I suspect my suggestion, Introduction to Empirical Research with Steve Levitt http://pricetheory.uchicago.edu/levitt/econ421.html will get little traction here.

Pushing the envelope of time travel just a little bit, I'd go with a graduate micro course with the man himself, Armen Alchian.

Ec 10 with Mankiw. Those Harvard kids are lucky to get a solid base of economics with such a great professor.

Oh I was going to say Quantum Electrodynamics with Richard Feynman, but then I saw the actual question.

Pete, are you saying that two of your top three econ classes in the world are at GMU? Or are you factoring in the hassle of taking a class at LSE?

Anything by McCloskey.

Public and Environmental Affairs - Workshop in Public Policy, Elinor Ostrom

I would take "Economics in the Bloomsbury Group" at Duke:
http://www.econ.duke.edu/CHOPE/Web%20Page/195-fall2008syllabus.pdf

Zac,
Note the suggestion by Dan to take List. I think your impressions are flawed. Levitt's natural experiment approach is intriguing to many of us.

Something like "Economic History of Humanity" with Douglass North.

Max

I like Zac's Levitt recommend. I would also like public choice with Bryan Caplan, "constitutional econ" by Boettke, and "econ develop" by Easterly. Since the question is singlular I would most pick Easterly - reflecting on the wealth of nations started things off, and there are so many deep questions.

I agree with Dan. I didn't know he was a List fan, too!

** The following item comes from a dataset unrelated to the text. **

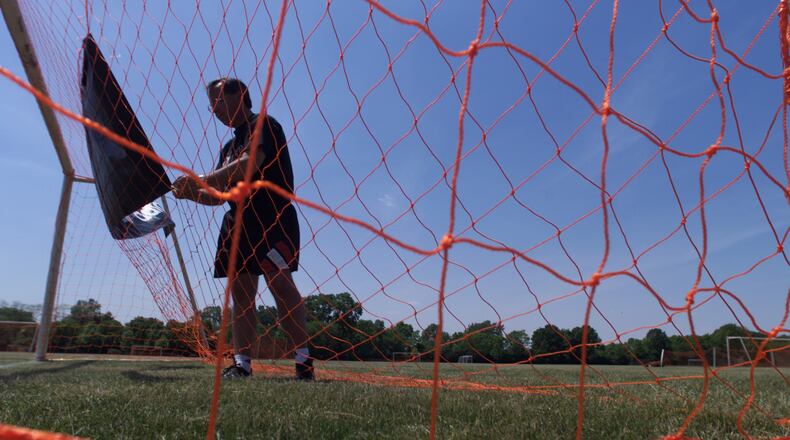 In 2005, Warrior Soccer Club coach George Dowling puts up sponsor adidas's sign on a goal net at Thomas Cloud Park for the adidas Warrior Classic Tournament. (Courtesy/Jim Witmer)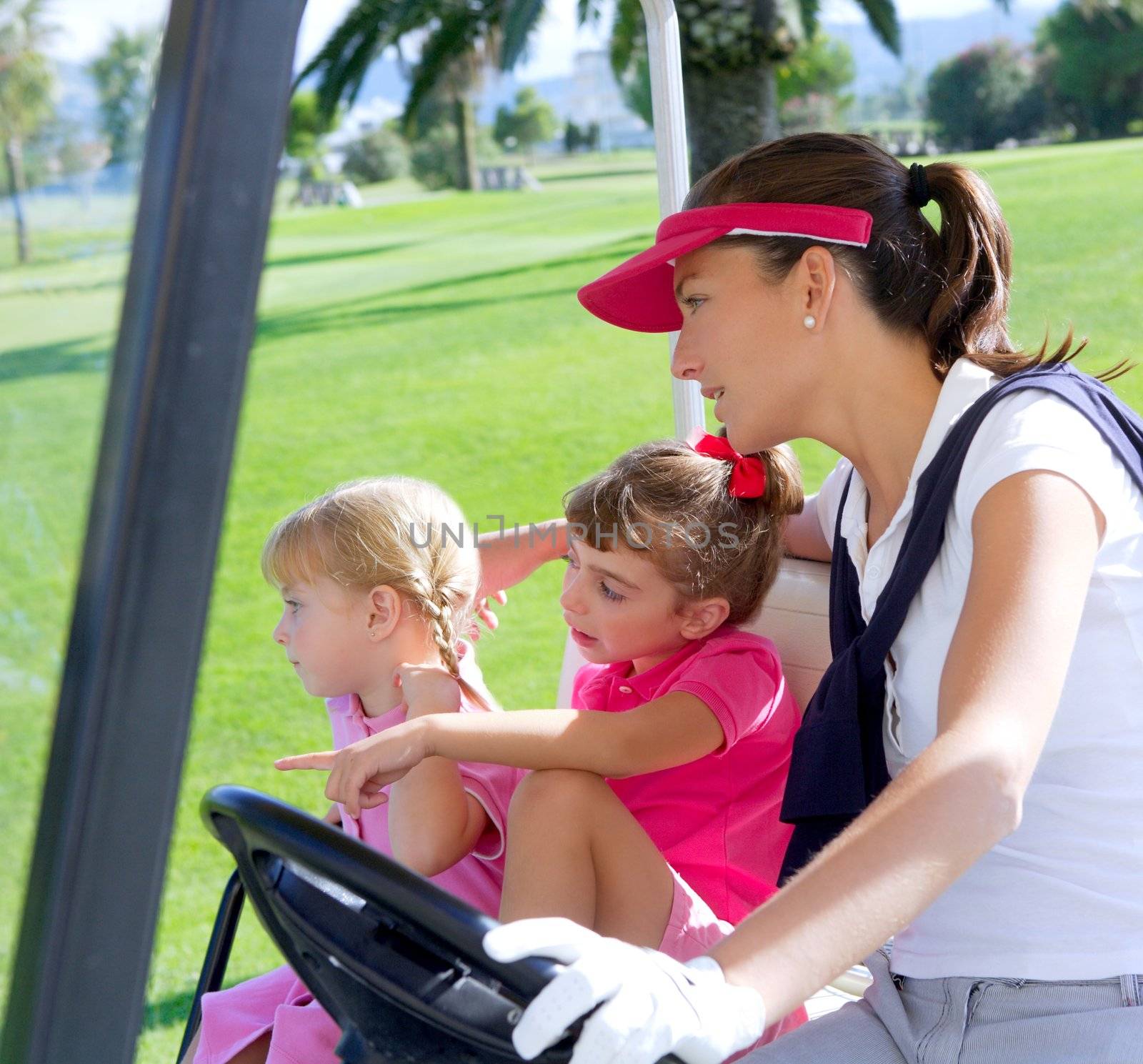 golf course family mother and daughters in buggy green grass field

Economic Sociology with Swedberg!

Something on labor markets with Edna Bonacich or urban sociology with William Julius Wilson.

more ETHICS.

NOBODY takes enough courses in ETHICS.


if more people studied ethics, we might not have such social equivocation about one's vocation for corruption...


perspective, people.


Perspective.

The Jeff Farias Show: streams FREE & LIVE Mon-Fri, 6-9pmEST

FREE podcast
http://www.thejefffariasshow.com
http://jefffarias.podbean.com

Dan Hausman's course in Philosophy and Economics was pretty excellent...you guys should probably hypothetically hit that up.

I/O with Steve Margolis.

BlueBerry Pick'n, evidence does not support the idea that courses in ethics reduce behaviors considered unethical, such as stealing.